Using occult forces of Patala, Ravana unleashes magic against Ram’s army as well as Sita. He creates illusions to trick Ram into believing Sita is dead, and Sita into believing Ram is dead. He tries to torment the vanaras with nightmares and hallucinations filled with ghosts and goblins, embodying their deepest darkest fears. Patala is a metaphor for the human unconscious. Hanuman enters this terrifying zone where the sorcerers plan to behead Ram. Hanuman tells the story of Ram and Sita to the goddess and wins her love and support. In other words, Hanuman calms the goddess, reduces her rage, her thirst, and enables her to reject the dark ambitions of Mahiravana and Ahiravana and support Ram and Lakshman instead.

Ghosts and monsters are the memories that torment us. Hence ghosts are referred to as ‘bhoot’ which means the same thing as past. Hence the most famous lines of the Hanuman Chalisa.

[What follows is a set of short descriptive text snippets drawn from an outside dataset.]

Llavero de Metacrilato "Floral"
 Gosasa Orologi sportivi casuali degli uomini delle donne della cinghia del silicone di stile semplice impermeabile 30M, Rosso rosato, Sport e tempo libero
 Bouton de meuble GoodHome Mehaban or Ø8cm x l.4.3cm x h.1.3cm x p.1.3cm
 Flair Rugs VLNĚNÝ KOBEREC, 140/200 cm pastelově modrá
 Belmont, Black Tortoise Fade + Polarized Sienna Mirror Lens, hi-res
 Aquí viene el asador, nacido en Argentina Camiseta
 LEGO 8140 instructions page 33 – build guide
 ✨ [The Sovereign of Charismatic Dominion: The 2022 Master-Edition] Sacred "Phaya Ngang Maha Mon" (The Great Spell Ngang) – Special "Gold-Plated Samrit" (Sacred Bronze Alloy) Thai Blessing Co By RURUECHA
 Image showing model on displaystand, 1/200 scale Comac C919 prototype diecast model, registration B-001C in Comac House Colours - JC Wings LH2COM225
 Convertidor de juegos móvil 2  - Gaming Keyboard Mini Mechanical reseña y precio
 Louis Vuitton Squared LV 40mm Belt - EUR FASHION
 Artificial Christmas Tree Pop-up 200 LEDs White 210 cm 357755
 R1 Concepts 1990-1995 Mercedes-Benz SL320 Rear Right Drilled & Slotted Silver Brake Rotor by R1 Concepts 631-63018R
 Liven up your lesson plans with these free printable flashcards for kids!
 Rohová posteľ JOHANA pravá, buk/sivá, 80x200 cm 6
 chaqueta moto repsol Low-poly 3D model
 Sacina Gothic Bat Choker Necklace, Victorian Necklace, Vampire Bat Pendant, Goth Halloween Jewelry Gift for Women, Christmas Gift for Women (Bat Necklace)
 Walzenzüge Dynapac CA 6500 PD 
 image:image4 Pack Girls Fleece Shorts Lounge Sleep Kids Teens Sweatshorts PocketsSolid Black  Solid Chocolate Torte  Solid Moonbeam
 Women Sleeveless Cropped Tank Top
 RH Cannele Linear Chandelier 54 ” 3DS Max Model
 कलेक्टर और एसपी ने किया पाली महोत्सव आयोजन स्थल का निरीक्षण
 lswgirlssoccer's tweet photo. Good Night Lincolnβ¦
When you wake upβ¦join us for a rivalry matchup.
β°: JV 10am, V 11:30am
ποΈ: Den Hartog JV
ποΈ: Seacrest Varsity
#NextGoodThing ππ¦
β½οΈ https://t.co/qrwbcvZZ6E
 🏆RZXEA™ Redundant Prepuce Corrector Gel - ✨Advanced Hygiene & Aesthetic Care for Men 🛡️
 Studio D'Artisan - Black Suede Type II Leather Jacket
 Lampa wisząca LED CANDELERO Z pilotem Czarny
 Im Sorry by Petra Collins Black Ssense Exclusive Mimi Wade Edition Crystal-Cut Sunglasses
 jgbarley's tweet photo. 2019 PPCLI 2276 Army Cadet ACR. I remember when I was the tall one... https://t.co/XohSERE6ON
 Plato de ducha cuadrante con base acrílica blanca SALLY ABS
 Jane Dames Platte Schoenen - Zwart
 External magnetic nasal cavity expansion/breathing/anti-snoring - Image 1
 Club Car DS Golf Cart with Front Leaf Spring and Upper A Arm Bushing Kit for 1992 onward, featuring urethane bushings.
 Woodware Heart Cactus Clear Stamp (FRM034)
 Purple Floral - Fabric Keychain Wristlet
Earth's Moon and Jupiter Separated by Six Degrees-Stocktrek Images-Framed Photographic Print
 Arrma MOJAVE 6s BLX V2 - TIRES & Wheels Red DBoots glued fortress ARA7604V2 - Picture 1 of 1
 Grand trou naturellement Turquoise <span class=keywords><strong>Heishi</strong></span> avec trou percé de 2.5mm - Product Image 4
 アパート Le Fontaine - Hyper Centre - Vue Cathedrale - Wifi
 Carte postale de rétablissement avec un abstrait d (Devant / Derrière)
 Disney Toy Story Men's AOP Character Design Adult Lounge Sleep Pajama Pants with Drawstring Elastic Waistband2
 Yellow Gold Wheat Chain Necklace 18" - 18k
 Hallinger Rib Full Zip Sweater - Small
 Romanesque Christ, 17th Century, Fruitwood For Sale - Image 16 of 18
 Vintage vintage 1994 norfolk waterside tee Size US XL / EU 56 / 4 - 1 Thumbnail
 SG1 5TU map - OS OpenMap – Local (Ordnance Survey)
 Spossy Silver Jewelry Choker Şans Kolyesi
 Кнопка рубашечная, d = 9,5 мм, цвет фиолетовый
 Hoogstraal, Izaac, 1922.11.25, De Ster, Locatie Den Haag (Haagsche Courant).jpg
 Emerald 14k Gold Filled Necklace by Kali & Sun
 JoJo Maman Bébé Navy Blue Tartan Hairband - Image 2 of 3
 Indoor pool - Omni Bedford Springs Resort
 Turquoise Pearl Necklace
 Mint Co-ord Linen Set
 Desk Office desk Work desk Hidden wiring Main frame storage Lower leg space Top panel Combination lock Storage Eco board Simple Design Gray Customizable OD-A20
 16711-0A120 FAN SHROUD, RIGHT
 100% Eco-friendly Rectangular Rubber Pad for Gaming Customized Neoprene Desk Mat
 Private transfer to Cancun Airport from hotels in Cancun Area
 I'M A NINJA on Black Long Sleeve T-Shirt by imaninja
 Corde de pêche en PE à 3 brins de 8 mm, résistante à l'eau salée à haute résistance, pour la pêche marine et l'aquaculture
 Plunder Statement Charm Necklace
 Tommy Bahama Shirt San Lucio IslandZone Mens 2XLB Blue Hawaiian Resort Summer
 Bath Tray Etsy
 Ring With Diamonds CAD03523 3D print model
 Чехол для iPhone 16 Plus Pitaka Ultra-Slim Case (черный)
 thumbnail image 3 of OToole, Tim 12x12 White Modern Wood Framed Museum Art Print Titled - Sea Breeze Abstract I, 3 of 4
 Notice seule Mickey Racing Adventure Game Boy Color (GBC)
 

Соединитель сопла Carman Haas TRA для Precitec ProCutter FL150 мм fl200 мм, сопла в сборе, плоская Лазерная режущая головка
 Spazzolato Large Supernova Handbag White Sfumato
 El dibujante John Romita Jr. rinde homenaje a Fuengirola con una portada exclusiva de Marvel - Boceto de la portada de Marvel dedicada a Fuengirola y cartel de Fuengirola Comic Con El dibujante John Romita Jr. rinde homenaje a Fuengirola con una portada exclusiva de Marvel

Bhoot pisaach nikat nahin aavai. Mahavir, jab naam sunavae.
Ghosts and ghouls don’t come near. Hanuman’s name, when they hear.

But politicians will keep reminding people about the past, even create false memories, to evoke passions and rage, to justify violence, seed outrage and victimhood, to win votes. Politicians are modern-day sorcerers who can haunt the current with Patala, so that we are distracted from aspirations of paradise (Swarga). But we can trust Hanuman to save us from political sorcery.

Buddhee heen tanu jannikay sumirow pavana kumara.
Bala buddhee vidya dehoo mohee harahu kalesha vikaara.

Aware that I lack intelligence, I recollect the son of the wind-god (Hanuman).
He will surely grant me strength, intelligence, knowledge and take away all problems and afflictions.